Route information
- Auxiliary route of I-90
- Maintained by WSDOT
- Existed: 1971–2010

Major junctions
- West end: I-405 in Kirkland
- East end: SR 202 in Redmond

Location
- Country: United States
- State: Washington

Highway system
- State highways in Washington; Interstate; US; State; Scenic; Pre-1964; 1964 renumbering; Former;
| ← SR 906 |  | → SR 970 |

= Washington State Route 908 =

Former state highway in Washington, United States

State Route 908, commonly known as SR 908 or Highway 908, was a state highway in the U.S. state of Washington. Prior to its decommissioning in 2010, it ran easterly about 3 mi from eastern Kirkland to central Redmond. SR 908 was entirely within King County.

== Route description==
SR 908 started at its western end when Central Way in Kirkland crosses under Interstate 405, at Exit 18 of I-405. SR 908 proceeded due east through Kirkland as Northeast 85th Street.

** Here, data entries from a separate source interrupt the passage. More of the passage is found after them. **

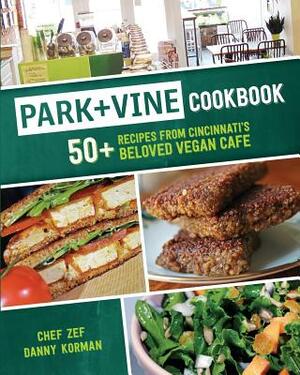 Park + Vine Cookbook: 50+ Recipes from Cincinnati's Beloved Vegan Cafe by Danny Korman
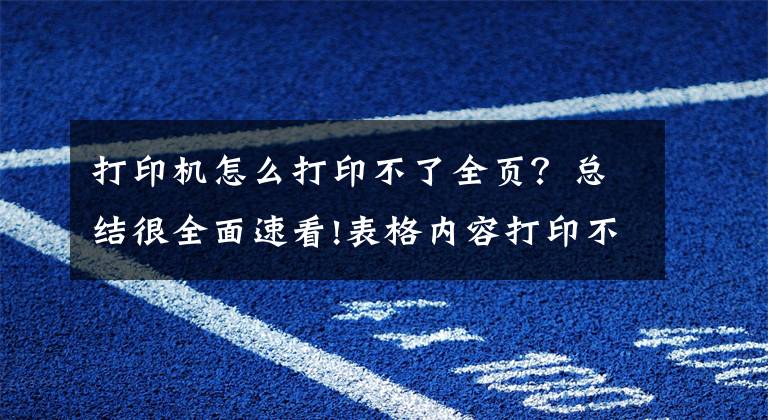 打印機怎么打印不了全頁？總結(jié)很全面速看!表格內(nèi)容打印不完整怎么辦？這樣打印兩頁變一頁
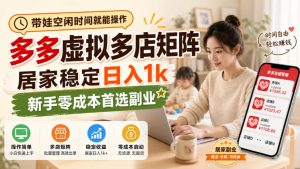 带娃空闲时间就能操作,多多虚拟多店矩阵,居家稳定日入1k,新手零成本首选副业-第一资源库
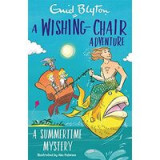Wishing-Chair Adventure : a Summertime Mystery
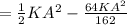 =\frac{1}{2}KA^2-\frac{64KA^2}{162}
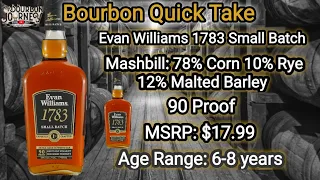 Bourbon Quick Take: Evan Williams 1783 Small Batch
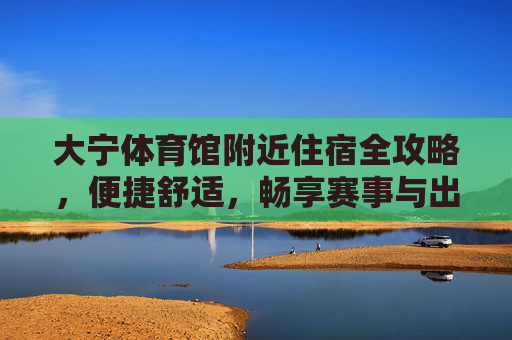 大宁体育馆附近住宿全攻略,便捷舒适,畅享赛事与出行,大宁体育馆住宿全攻略,便捷舒适畅享赛事出行 大宁体育馆附近住宿全攻略,便捷舒适,畅享赛事与出行,大宁体育馆住宿全攻略,便捷舒适畅享赛事出行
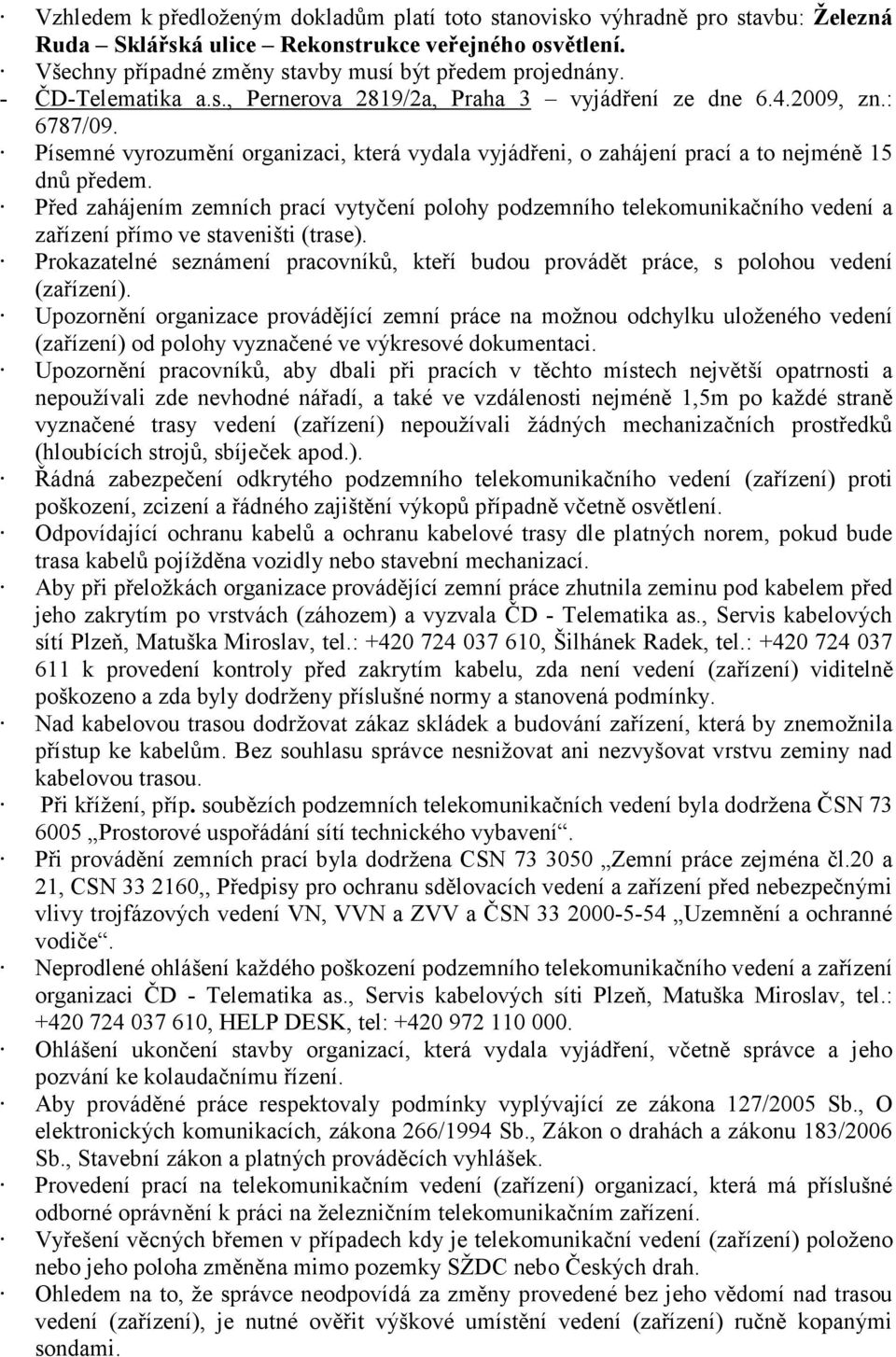 Před zahájením zemních prací vytyčení polohy podzemního telekomunikačního vedení a zařízení přímo ve staveništi (trase).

At the Redmond-Kirkland border (which is also the intersection of SR 908 and 132nd Avenue Northeast), SR 908 turned to the southeast and took the name Redmond Way. It descended until reaching Willows Road Northeast, at which point a view of the Sammamish River Valley appeared and the road's descent increased markedly. SR 908 then reached downtown Redmond, where it ended at its intersection with State Route 202. The road itself still continues for two blocks as Redmond Way/SR 202, a two-lane, one-way eastbound street, before becoming Redmond-Fall City Road/SR 202 and continuing to Fall City.

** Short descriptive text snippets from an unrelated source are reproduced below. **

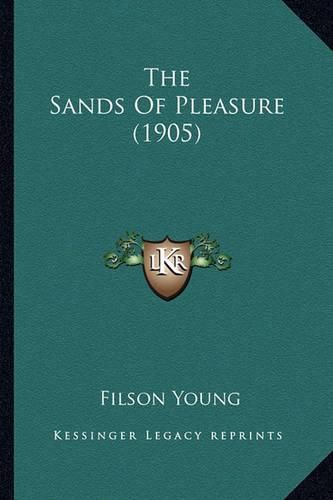 Cover image for The Sands of Pleasure (1905) the Sands of Pleasure (1905)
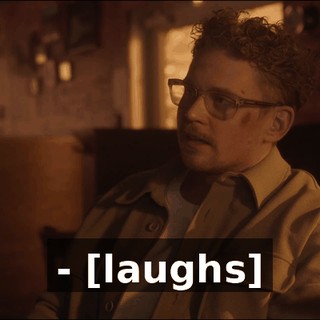 - [laughs]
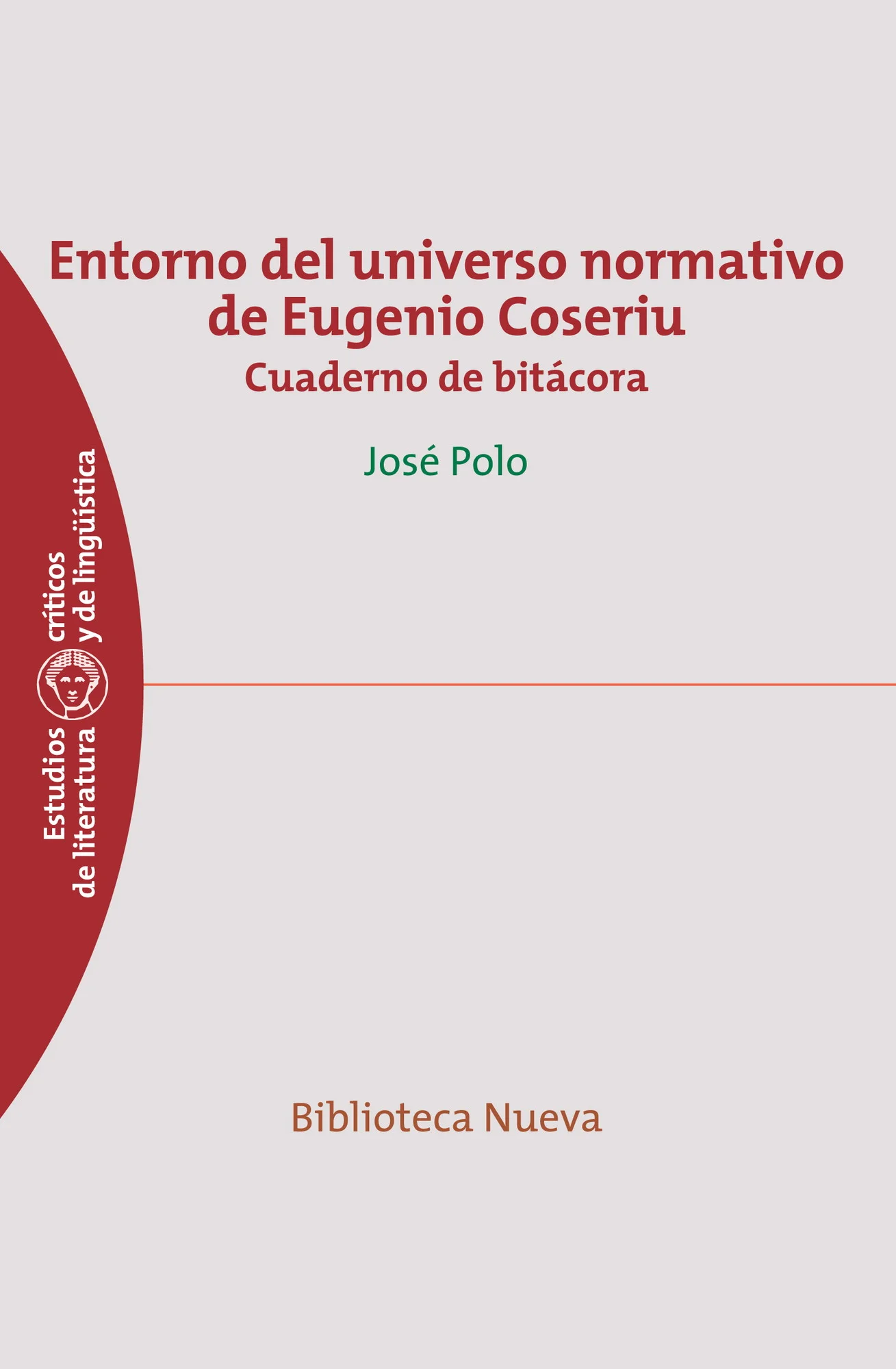 Entorno del universo normativo de Eugenio Coseriu: Cuaderno de bitácora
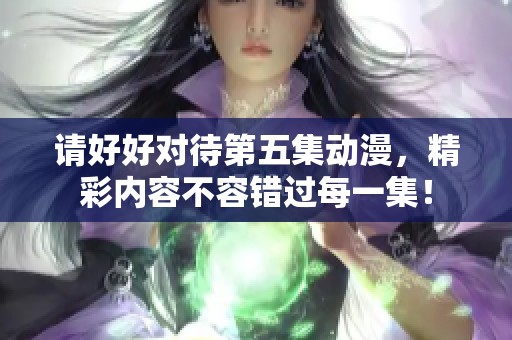 请好好对待第五集动漫，精彩内容不容错过每一集！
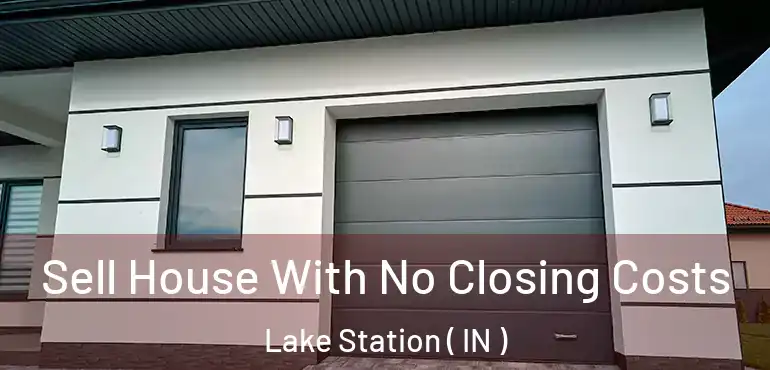  Sell House With No Closing Costs Lake Station ( IN )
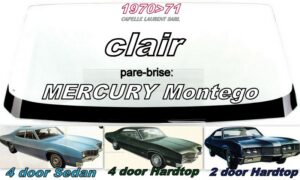 Pare-brise clair MERCURY MONTEGO 2/4 D HARDTOP/4 D SEDAN - 1970/71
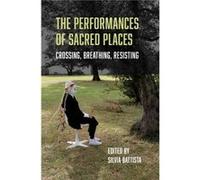 The Performances Of Sacred Places : Crossing, Breathing, Resisting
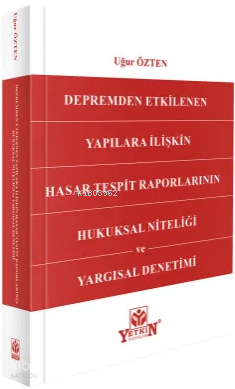 Depremden Etkilenen Yapılara İlişkin Hasar Tespit Raporlarının Hukuksal Niteliği ve Yargısal Denetimi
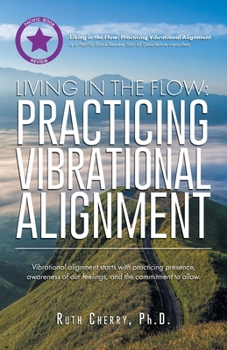 Paperback Living in the Flow: Practicing Vibrational Alignment Book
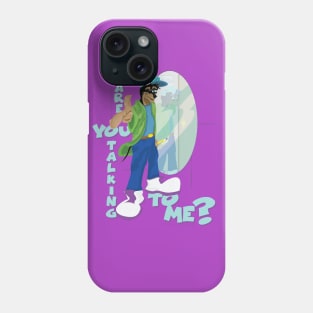 Are You Talking To Me? Phone Case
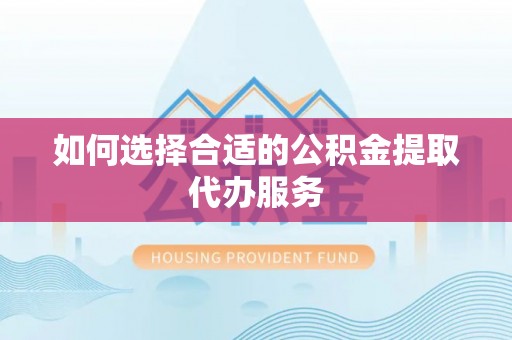 威海如何选择合适的公积金提取代办服务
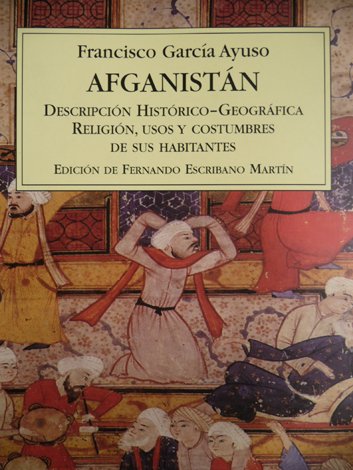 Afganistán. Descripción Histórico - Geográfica, Religión, Usos y Costumbres de …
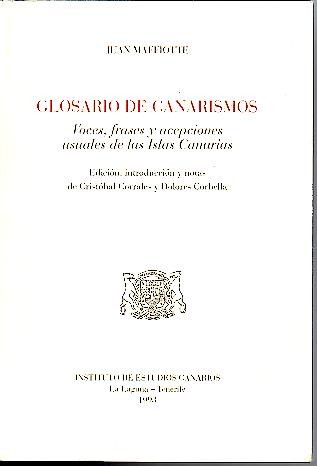 GLOSARIO DE CANARISMOS. VOCES, FRASES Y ACEPCIONES USUALES DE LAS ISLAS CANARIAS.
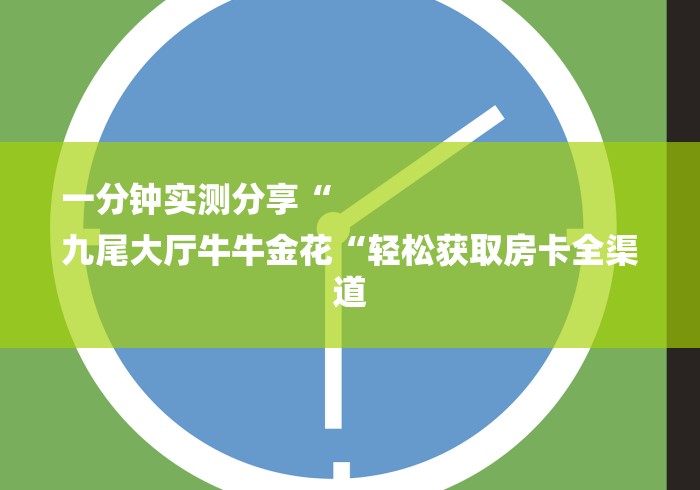 一分钟实测分享“
九尾大厅牛牛金花“轻松获取房卡全渠道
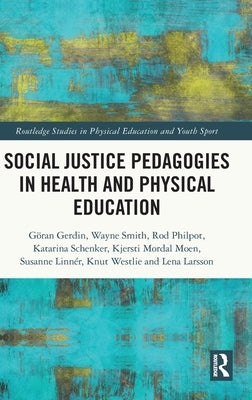 Social Justice Pedagogies in Health and Physical Education by Gerdin, Göran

While SR 908 was officially classified as a child route of I-90, the two roadways never connected and were about 10 mi apart. The child of I-90 classification is a result of SR 908's formation from SR 901, which did connect to I-90.

== History ==
SR 908 was created in 1971 from State Route 901 (which likewise no longer exists). At its creation, SR 908 extended from Redmond through Kirkland and south to intersect State Route 520, by way of Lake Street/Lake Washington Boulevard NE from Lake's intersection with Central Way in downtown Kirkland. Central Way had opened on December 22, 1965, bypassing the former route on Kirkland Way. (See the aforementioned article on SR 901 for the information.)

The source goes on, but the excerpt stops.